IRuleLearner::IConfig &config_
class Config : public virtual IRuleLearner::IConfig
#include <learner.hpp>

Allows to configure a rule learner.

Public Functions

explicit Config(RuleCompareFunction ruleCompareFunction)
Parameters:

ruleCompareFunction – An object of type RuleCompareFunction that defines the function that should be used for comparing the quality of different rules

Protected Attributes

std::unique_ptr<IDefaultRuleConfig> defaultRuleConfigPtr_

An unique pointer that stores the configuration of the default rule that is included in a rule-based model.

std::unique_ptr<IRuleModelAssemblageConfig> ruleModelAssemblageConfigPtr_

An unique pointer that stores the configuration of the method for the induction of several rules that are added to a rule-based model.

std::unique_ptr<IRuleInductionConfig> ruleInductionConfigPtr_

An unique pointer that stores the configuration of the algorithm for the induction of individual rules.

std::unique_ptr<IFeatureBinningConfig> featureBinningConfigPtr_

An unique pointer that stores the configuration of the method for the assignment of numerical feature values to bins

std::unique_ptr<ILabelSamplingConfig> labelSamplingConfigPtr_

An unique pointer that stores the configuration of the method for sampling labels.

std::unique_ptr<IInstanceSamplingConfig> instanceSamplingConfigPtr_

An unique pointer that stores the configuration of the method for sampling instances.

std::unique_ptr<IFeatureSamplingConfig> featureSamplingConfigPtr_

An unique pointer that stores the configuration of the method for sampling features.

std::unique_ptr<IPartitionSamplingConfig> partitionSamplingConfigPtr_

An unique pointer that stores the configuration of the method for partitioning the available training examples into a training set and a holdout set.

std::unique_ptr<IRulePruningConfig> rulePruningConfigPtr_

An unique pointer that stores the configuration of the method for pruning individual rules.

std::unique_ptr<IPostProcessorConfig> postProcessorConfigPtr_

An unique pointer that stores the configuration of the method for post-processing the predictions of rules once they have been learned.

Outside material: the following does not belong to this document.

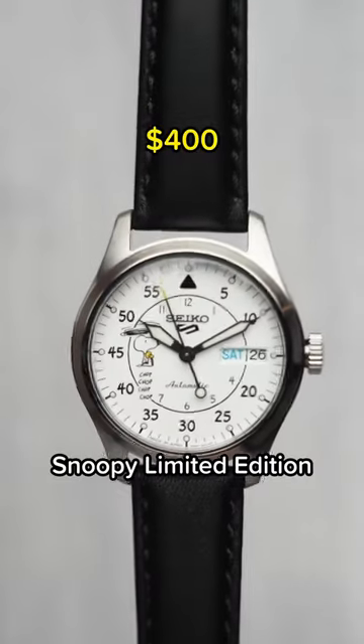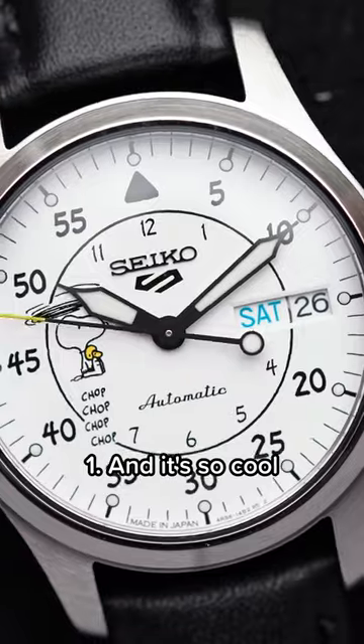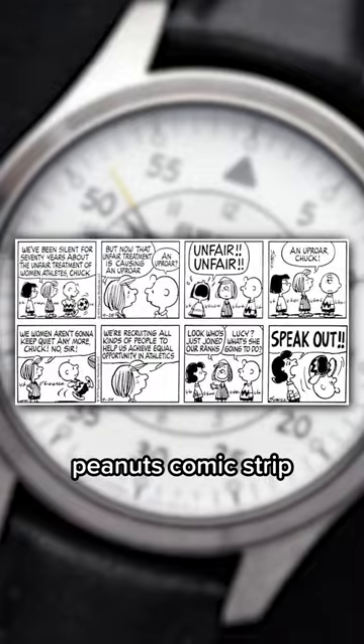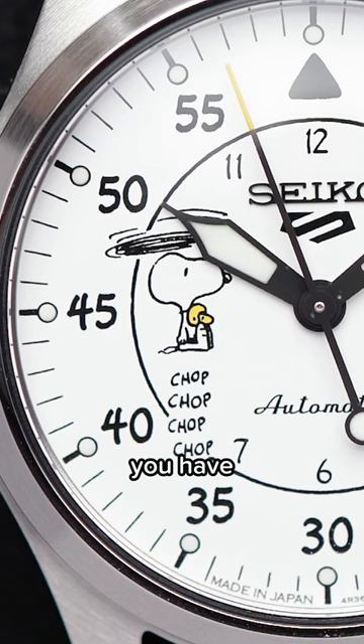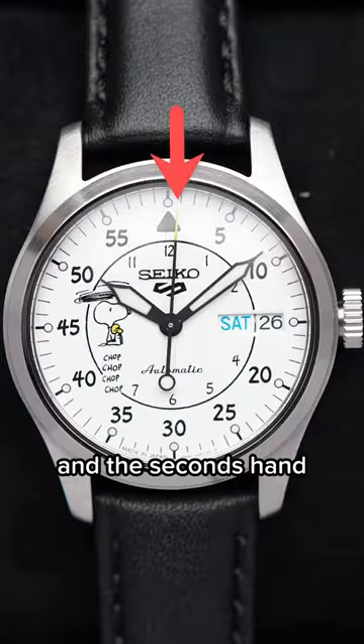Here's one more awesome Seiko 5 Snoopy limited edition. This time it's in a military style 36 millimeter case. It's so cool that the hours and minutes are written in the same font as the Peanuts comic strip. From the outside you have five minute increments, on the inside you have the hour markers. On the dial you have Snoopy holding his friend Woodstock with his ears whipping around like a chopper.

std::unique_ptr<IMultiThreadingConfig> parallelRuleRefinementConfigPtr_

An unique pointer that stores the configuration of the multi-threading behavior that is used for the parallel refinement of rules.

std::unique_ptr<IMultiThreadingConfig> parallelStatisticUpdateConfigPtr_

An unique pointer that stores the configuration of the multi-threading behavior that is used for the parallel update of statistics.

std::unique_ptr<IMultiThreadingConfig> parallelPredictionConfigPtr_

An unique pointer that stores the configuration of the multi-threading behavior that is used to predict for several query examples in parallel.

std::unique_ptr<SizeStoppingCriterionConfig> sizeStoppingCriterionConfigPtr_

An unique pointer that stores the configuration of the stopping criterion that ensures that the number of rules does not exceed a certain maximum.

std::unique_ptr<TimeStoppingCriterionConfig> timeStoppingCriterionConfigPtr_

An unique pointer that stores the configuration of the stopping criterion that ensures that a certain time limit is not exceeded.

std::unique_ptr<IGlobalPruningConfig> globalPruningConfigPtr_

An unique pointer that stores the configuration of the stopping criterion that allows to decide how many rules should be included in a model, such that its performance is optimized globally.

std::unique_ptr<SequentialPostOptimizationConfig> sequentialPostOptimizationConfigPtr_

An unique pointer that stores the configuration of the post-optimization method that optimizes each rule in a model by relearning it in the context of the other rules.

std::unique_ptr<UnusedRuleRemovalConfig> unusedRuleRemovalConfigPtr_

An unique pointer that stores the configuration of the post-optimization method that removes unused rules from a model.

std::unique_ptr<IMarginalProbabilityCalibratorConfig> marginalProbabilityCalibratorConfigPtr_

An unique pointer that stores the configuration of the calibrator that allows to fit a model for the calibration of marginal probabilities.

std::unique_ptr<IJointProbabilityCalibratorConfig> jointProbabilityCalibratorConfigPtr_

An unique pointer that stores the configuration of the calibrator that allows to fit a model for the calibration of joint probabilities.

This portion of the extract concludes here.